HippoRAG

also known as Hippocampus-Indexed Retrieval, PPR-over-LLM-KG, 海马体启发的检索增强生成

Build an LLM-extracted schemaless knowledge graph from the corpus and run Personalized PageRank seeded on the query's key concepts so multi-hop retrieval completes in a single pass.

This pattern helps complete certain larger patterns —

specialisesNaive RAG★★— Condition the generator on top-k chunks retrieved from an external dense index so knowledge lives outside parameters.

Context

A team runs RAG over a corpus where the answer to many queries lives across several documents that share entities or relations rather than vocabulary. Multi-hop questions — 'which Stanford professor co-authored a paper with someone now at DeepMind on RLHF?' — require crossing edges in entity space, not just embedding similarity. Iterative retrieve-then-reason loops do work but pay an LLM call per hop and lose context between hops.

Problem

Single-query dense retrieval lands in one embedding neighbourhood and cannot follow entity-mediated chains across documents. Iterative agentic retrieval reaches the answer but costs an LLM call per hop and the agent has no global view of the graph that connects passages. Community-summary approaches such as GraphRAG handle global queries via map-reduce over pre-built summaries, but their cost and latency are dominated by the summary build and they do not naturally surface a tight path between two concrete entities.

Forces

Multi-hop answers depend on entity-mediated paths the embedding similarity flattens away.
Iterative agentic retrieval costs one LLM call per hop and drifts off-topic.
Pre-building dense community summaries is expensive and re-runs on corpus updates.
Graph construction quality bounds retrieval quality; bad NER means bad recall.

Example

A research assistant gets the query 'which professor at Stanford co-authored an RLHF paper with someone now at DeepMind?' A single embedding lookup retrieves vaguely-related ML papers but cannot follow the author edges. HippoRAG's offline extraction has produced a graph with Person, Affiliation, and Authored-Paper nodes. The query's key concepts ('Stanford', 'DeepMind', 'RLHF') seed Personalized PageRank, which propagates mass through Authored-Paper edges and lands on the specific paper plus its two co-author nodes. The generator answers from those passages in a single retrieval pass.

Diagram

flowchart TD subgraph Offline C[Corpus] --> E[LLM triple extraction] E --> G[Schemaless KG hippocampal index] end Q[Query] --> K[LLM key-concept extraction] K --> S[Seed PPR on graph nodes] G --> S S --> P[Personalized PageRank traversal] P --> R[Top-N passages by PPR mass] R --> Gen[Generator]

Solution

Therefore:

Offline, prompt an LLM to extract (subject, predicate, object) triples from each passage and store the resulting schemaless graph alongside per-node passage pointers — this is the artificial hippocampal index. At query time, extract the query's key concepts (also via LLM), seed Personalized PageRank on the corresponding graph nodes, run PPR to propagate relevance through entity-mediated edges, and surface the top passages by aggregated PPR mass. Pass the surfaced passages forward to the generator, optionally through a reranker.

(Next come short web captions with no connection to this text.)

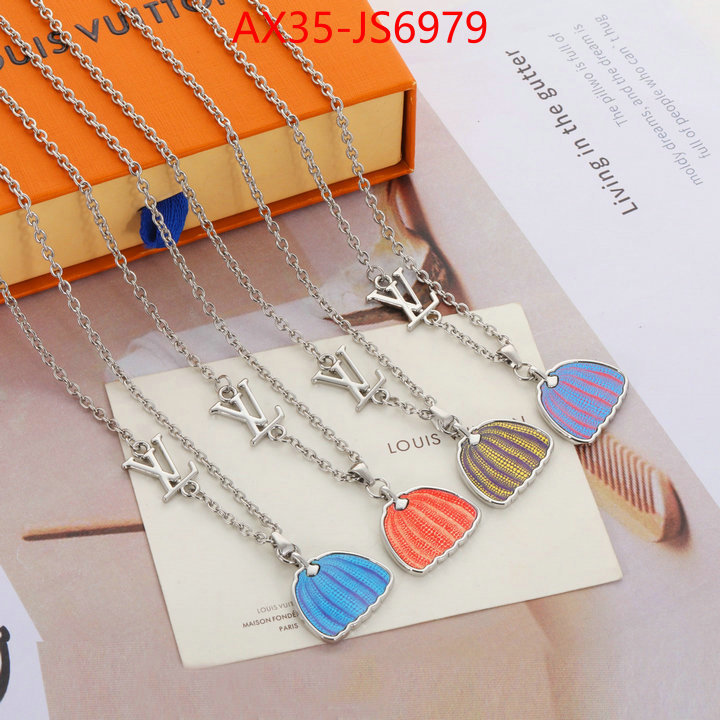 Jewelry-LV styles & where to buy ID: JS6979 $: 35USD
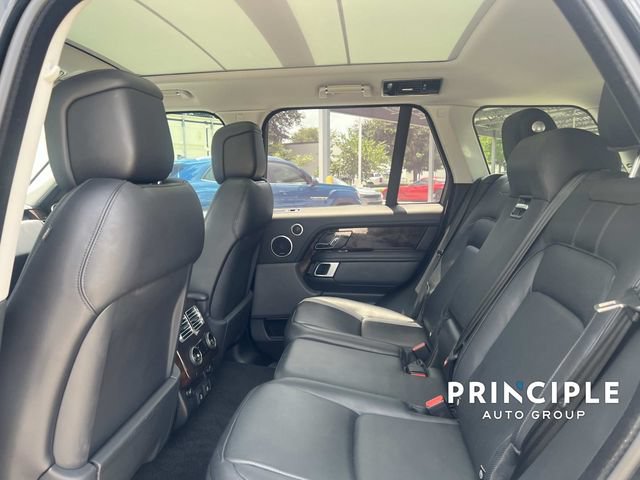 Used 2022 Land Rover Range Rover Westminster Edition AWD/4WD image 28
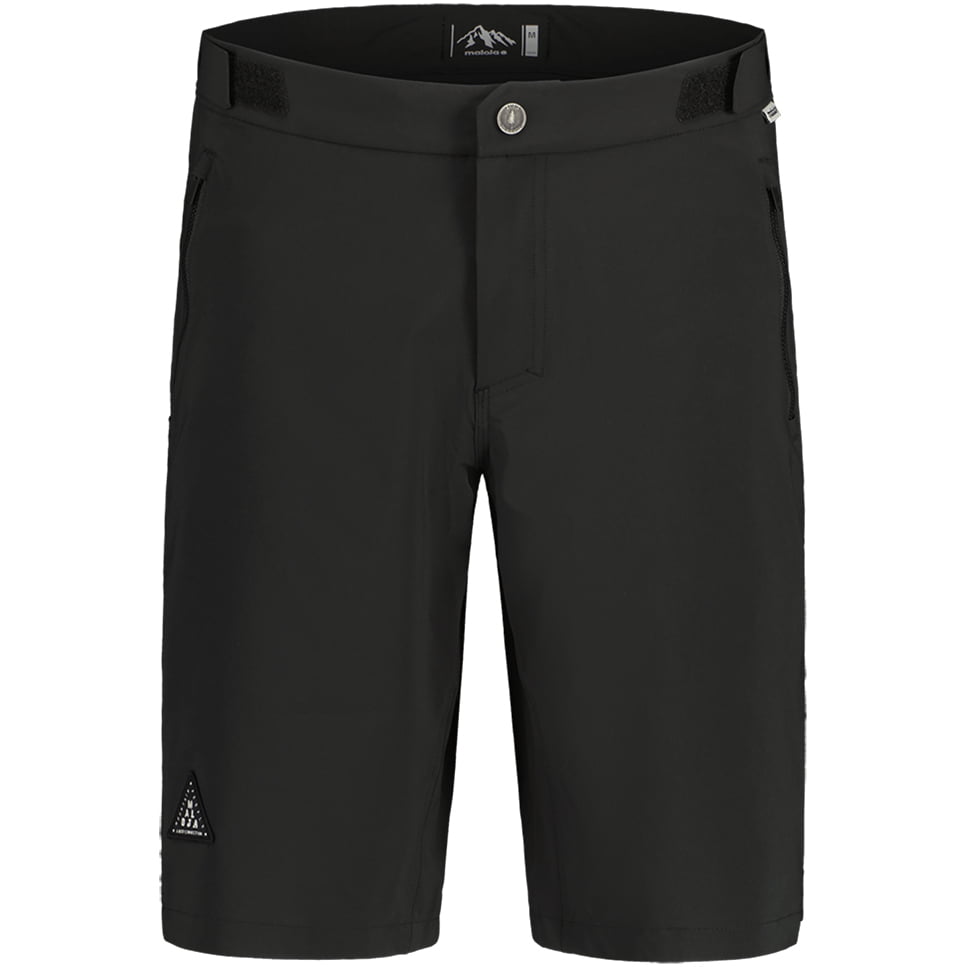 MALOJA o. Polster GallasM. Bikeshorts, für Herren, Größe XL, Bike Shorts,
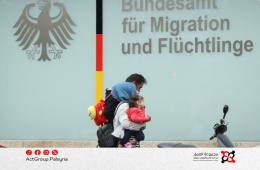 ألمانيا تعلن استئناف دراسة طلبات اللجوء للسوريين وسط تحذيرات أممية من الترحيل القسري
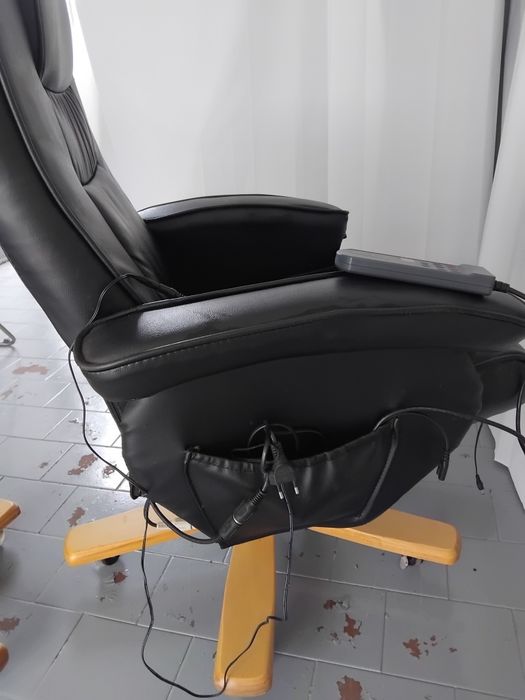 Cadeirao de massagens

What this pattern forbids. Retrieval cannot rely on the query embedding alone; relevance is propagated through the LLM-extracted entity graph via Personalized PageRank, and passages with no graph anchor are unreachable.

And the patterns that stand alongside it, or against it —

alternative-toGraphRAG★— Build an LLM-extracted entity-and-relation knowledge graph plus hierarchical community summaries, then answer global queries via map-reduce over those summaries.
composes-withCross-Encoder Reranking★★— After cheap bi-encoder or BM25 retrieval, rescore top-N candidates with a cross-encoder that jointly attends over (query, candidate).
complementsKnowledge Graph Memory★— Persist agent memory as entities and relations in a structured graph so symbolic queries (path, neighbour, type) become possible.
alternative-toHierarchical Retrieval★★— Route a query through a multi-level cascade — coarse source or index selection, then per-source narrower retrieval, then chunk-level — so each retrieval decision is pushed to the cheapest tier that can answer it.